I realize this program has been a significant part of my life. My introduction to the gaming program was my first semester of homeschool. I came alone to the library for a quiet place to do my assignments, and I would avoid looking at the kids my age passing by my upstairs reading carrel into the room down the aisle; I was a homeschooler because of personal anxiety. I think it was Dave who passed by me and said, “Hey, like computer games?” And I was sold.
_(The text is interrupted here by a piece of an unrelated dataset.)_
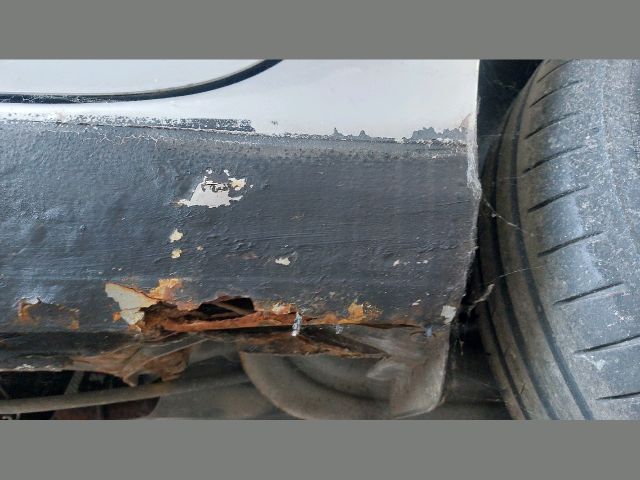 bontott VW GOLF V Bal hátsó Sárvédő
I quickly became a regular and learned to know all of the other kids that would go. The new program filled up quickly, and we’d learn to all know each other. I think some had few other places they could go on a Thursday afternoon. For them, it was an opportunity to keep off the streets and be with their peers in a safe environment, a lot like the Boys & Girls Club we have here. For me, it was something to keep me around my peers, while being very different from a school environment that could sometimes be a problem for me. Others have church or school or their jobs, and I had the gaming program.
Less than a year later, the program moved into the place it’s probably most often associated with, the basement room where the Friends of the Library keep their books, that we sometimes call “the dungeon”. I believe that caught on because it’s a den where we share our hobbies with others who understand them, and also because it can become quite demanding! Since the program’s expansion, adults and teenagers have places they can meet with others who share the same interests, for free. I would have gotten a driver’s license, a car, and a job to support said car if there was a school I could go to and feel secure saying I was a geek. I was very lucky that we have a place for geeks or geek-oriented people to meet and do their geek things, right here in our library, even if it is only once a week.
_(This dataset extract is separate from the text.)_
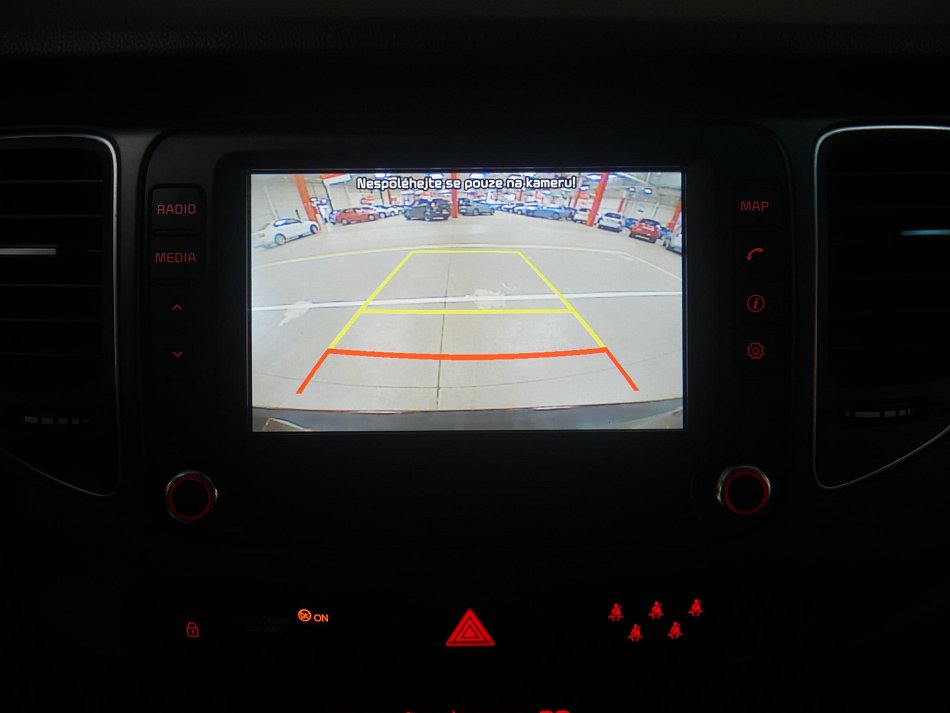 Kia Carens 1.6 GDi Vision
I’ve now been on both sides: a patron who partakes in the benefits of the program and an employee trusted to provide those things. Both are similar; on either side you want to support your people. As an employee you just have more technical work to contribute to, which I was doing already on an irregular basis. Now that I’m leaving and I’ve come full circle, I think I can say the best part of this program is the community aspect of it. Our different programs bring people together who might otherwise stay home. Considering how easy it is to live without human contact, the program has been a good thing.
*Editor’s note: Alex’s position was eliminated due to reduced funding in 2012 for the La Crosse Public Library. We thank him for the comments and insights on games and gaming he has shared through the WRLS Blog.